Share Transfer Procedure in Private Limited Company
The ownership of a private limited company is determined by the shareholding of the Company. To induct new investors or transfer ownership of the Company, the share of the private limited company would have to be transferred.
A private limited company is considered to be a “closed corporation” of members, similar to a Partnership Firm. Therefore, the share transfer in a Private Limited Company can be restricted by the Articles of Association (AOA). Hence, the Articles of Association of the Company must be reviewed prior to beginning the share transfer procedure.
1. Rights of pre-emption: If a shareholder wishes to sell some or all of his shares, such shares must first be offered to other existing members at a price determined by the Directors or the Auditor of the Company. The value of the shares can be determined based on the formula / method prescribed in the Articles of Association.

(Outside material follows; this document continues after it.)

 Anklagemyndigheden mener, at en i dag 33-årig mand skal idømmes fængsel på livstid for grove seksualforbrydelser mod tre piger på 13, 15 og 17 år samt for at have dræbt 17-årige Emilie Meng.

In no existing shareholder is interested, then shares of the Company can be freely transferred to an outsider.
2. Powers of Directors to refuse: The Director may have the powers to refuse registration of transfer of shares under certain circumstances – prescribed in the Articles of Association.
Only restriction contained the Articles of Association are considered legally binding. Any private agreement between the shareholders are not binding either on the company or on the shareholders. Further, share transfer can only be restricted by the Articles of Association. The right to transfer shares of a private limited company cannot be and total prohibition or ban on share transferability.